When a limb nets enough damage, it will break off with a cinematic boom, allowing the player to stand beside it to “purify” it. Purifying mutilated Oni parts provides two advantages: one, it allows the capture of the limb for loot. Second, it prevents the Oni from regenerating the part, making it open to attacks.
As soon as the essence health bar is depleted, the Oni dies and ends up either as a weapon or as a trinket collecting dust in the item cabinet.
Fighting large creatures from the underworld is a task best done with a group of friends. If absent, your real-life friends can be replaced by in-game NPCs. Sad, but practical. Anyhow, the other Slayers sport a unique weapon and a Mitama of their own. Toukiden: Kiwami improves on the coop features and it further stresses that teamwork is essential in effectively taking down Oni. They also help you get up when you’re in a pinch.
Each weapon type has its own unique movesets and features, and that diversity, if taken advantage of, will more than likely end a hunt well. The player can give off commands to change the behavior of the whole squad. What’s strange is that there’re no controls for individual commands rather than those already built-in their character behavior.
Another introduction in Kiwami is its sort of team special called the ‘Unity Gauge’. The more the team exemplifies the spirit of teamwork, the more this gauge fills up. Upon being filled to the brim, the user must gather all members together in a very tight position to launch a super attack that destroys multiple limbs.
Toukiden is undoubtedly a beautiful game. Design-wise, the developers really did a great job in crafting the characters and locales. The whole game is distinguishable from the clones and the characters are iconic enough that some are even cosplayed. It also goes that the impending nature of the Oni is readily exuded in their portrayal. The large behemoths are diverse with some adorned with the standard horns and beads, while others stray away from the design, sporting a hybrid body of a snake or snail. However, the developers imagination can only go as far as the technical foundations of the game. Some enemies are just rehashed or reskinned versions which somewhat mitigates the sense of awe in the latter stages.
For audio, it’s in Japanese and even with my very limited knowledge of the language, I still did find some dialogues (especially small talk during battles) to be lost in translation. This may have been done to safeguard the meanings and the context which could get lost if done literally.
The technical superiority of the Vita does manifest in this game.
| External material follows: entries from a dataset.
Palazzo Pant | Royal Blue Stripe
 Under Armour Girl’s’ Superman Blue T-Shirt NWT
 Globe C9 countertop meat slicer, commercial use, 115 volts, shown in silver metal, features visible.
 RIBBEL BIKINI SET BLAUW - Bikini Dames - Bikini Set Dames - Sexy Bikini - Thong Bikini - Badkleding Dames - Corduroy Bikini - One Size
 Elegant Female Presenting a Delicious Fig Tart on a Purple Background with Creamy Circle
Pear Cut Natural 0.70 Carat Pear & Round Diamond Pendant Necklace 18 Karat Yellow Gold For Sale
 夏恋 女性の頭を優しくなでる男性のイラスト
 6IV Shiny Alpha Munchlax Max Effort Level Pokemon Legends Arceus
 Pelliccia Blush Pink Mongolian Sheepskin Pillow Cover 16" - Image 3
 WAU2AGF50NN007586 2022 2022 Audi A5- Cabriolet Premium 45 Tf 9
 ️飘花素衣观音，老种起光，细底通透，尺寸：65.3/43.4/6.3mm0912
But I do have to stress that there are also times that I experienced a drop in frame rates as there were just too many artifacts present in the screen. Though this situation is very rare in battles and it does occasionally happen during cutscenes as more characters are rendered for dialogue.
If you own a PS Vita and were a fan of the Monster Hunter series in the PSP, then I can definitely recommend that you take your time playing this one. It is both different and similar at the same time and that can’t be bad since this game takes pride in how it breathes identity into a genre that’s filled with copycats.
Toukiden: Kiwami is fun for the most part, seldom dull, and is highly addictive when there’s the itch to improve. On the otherhand, it may not fare well for those that find repetition and item farming/looting as unenjoyable and bland.
The game is only available for both the Sony PS4 and the Sony PS Vita.